• **Data for the task**:

****************************************

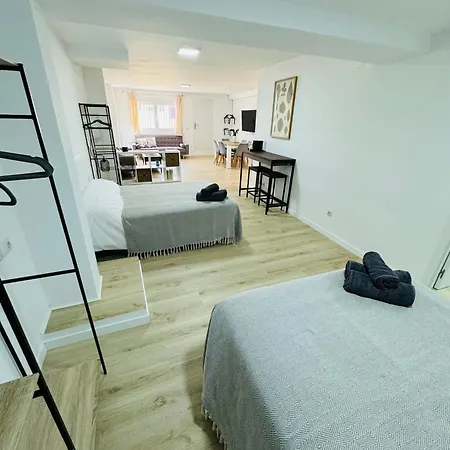 Loft La Nogalera トレモリノス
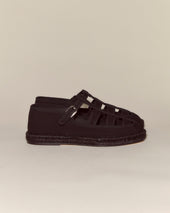 Peggy Espadrilles - Black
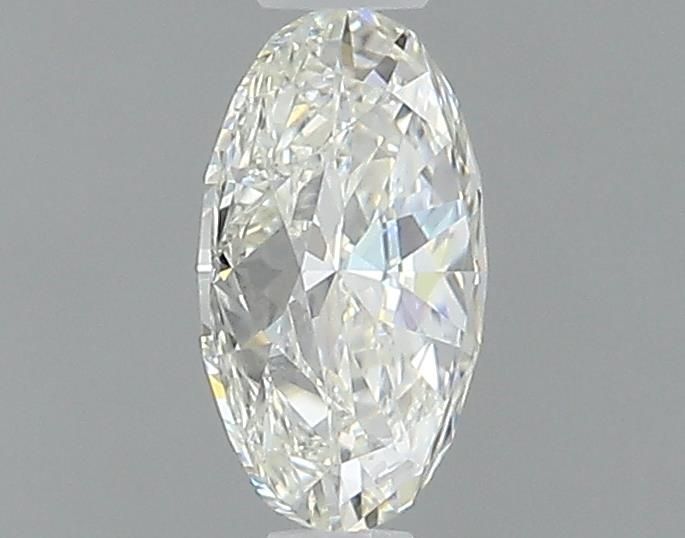 0.73ct Oval I VS1 Natural Diamond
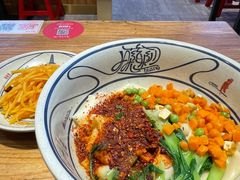 -陇上秦轩biangbiang面(萧山万象汇店)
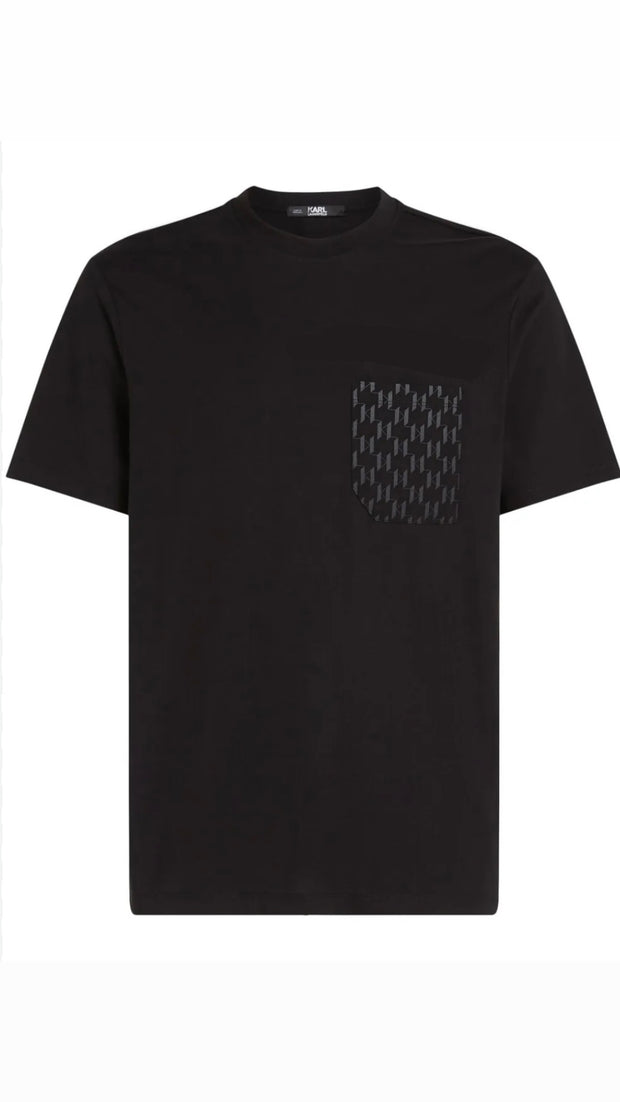 Teeshirt  crewneck KARL LAGERFELD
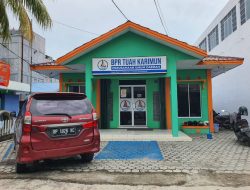 BPR Tuah Karimun Cetak Hasil Positif, Kini Fokus Pulihkan Kerugian dan Tingkatkan Pelayanan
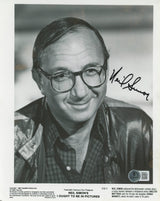 Neil Simon The Odd Couple Authentic Signed 8x10 Photo Autographed BAS #BM03496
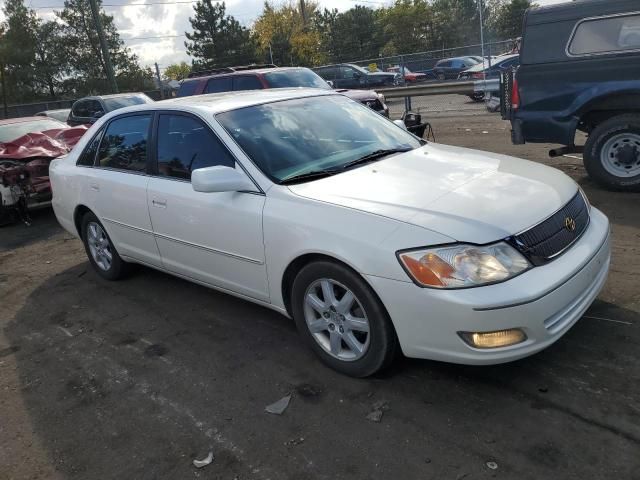 2000 Toyota Avalon XL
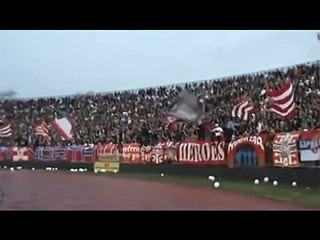 Delije Sever - Ajde Zvezdo sad na gol
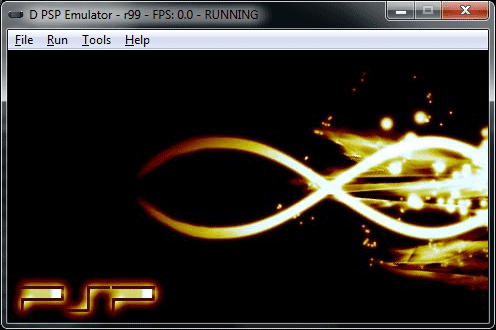 pspemu: D PSP Emulator (r99)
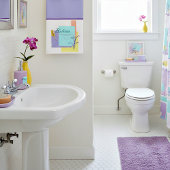 Faith Hope Believe Bath Towel Set Bad Handdoek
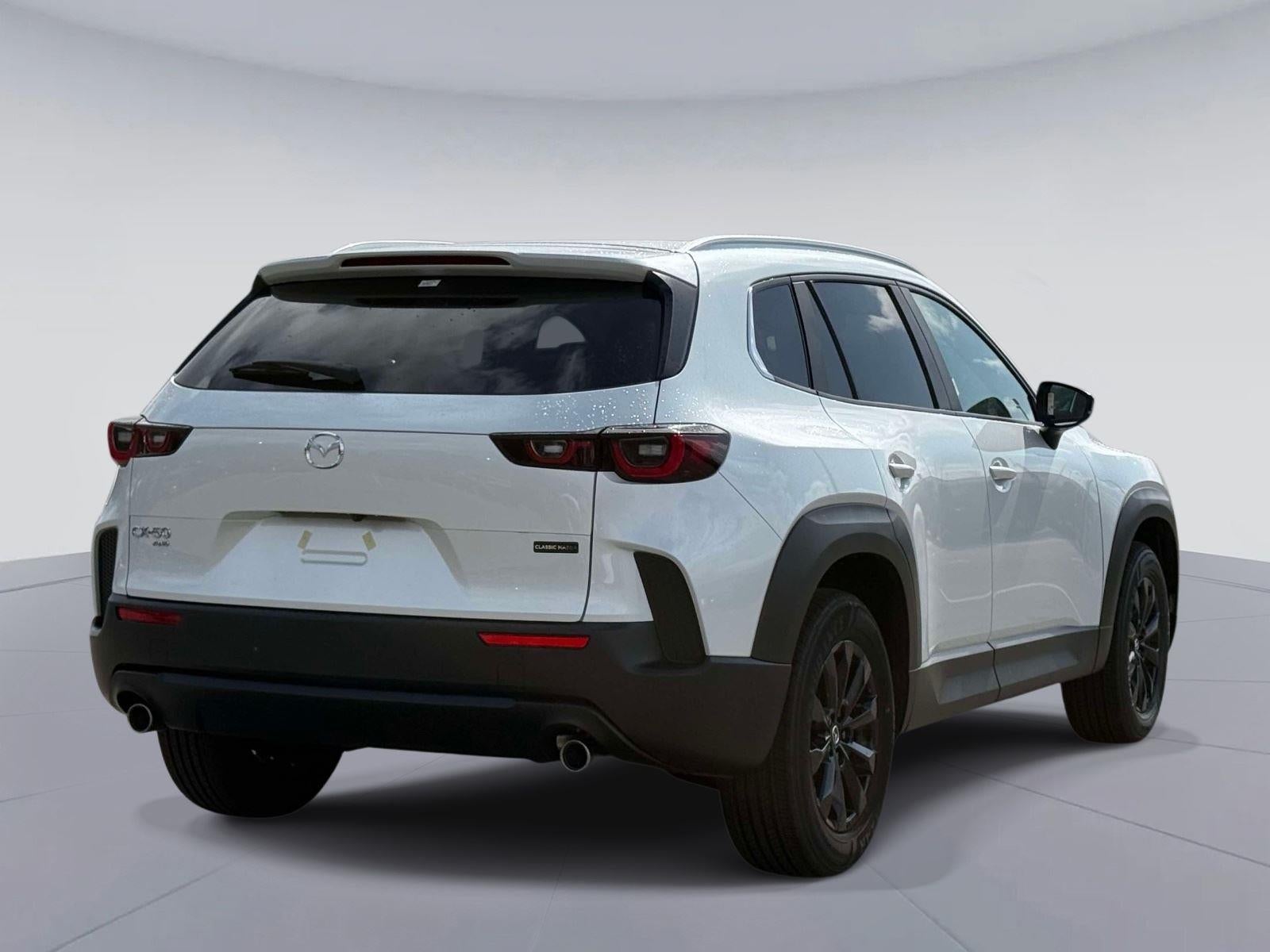 2026 Mazda Mazda CX-50 2.5 S Select AWD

****************************************

• **Brief**: Copy out exactly, with no pictures, the lines of the data from the first one through the line bearing "BPR Tuah Karimun".

• **Answer for this exercise**:
 Loft La Nogalera トレモリノス
 Peggy Espadrilles - Black
 0.73ct Oval I VS1 Natural Diamond
 -陇上秦轩biangbiang面(萧山万象汇店)
 Teeshirt  crewneck KARL LAGERFELD
 BPR Tuah Karimun Cetak Hasil Positif, Kini Fokus Pulihkan Kerugian dan Tingkatkan Pelayanan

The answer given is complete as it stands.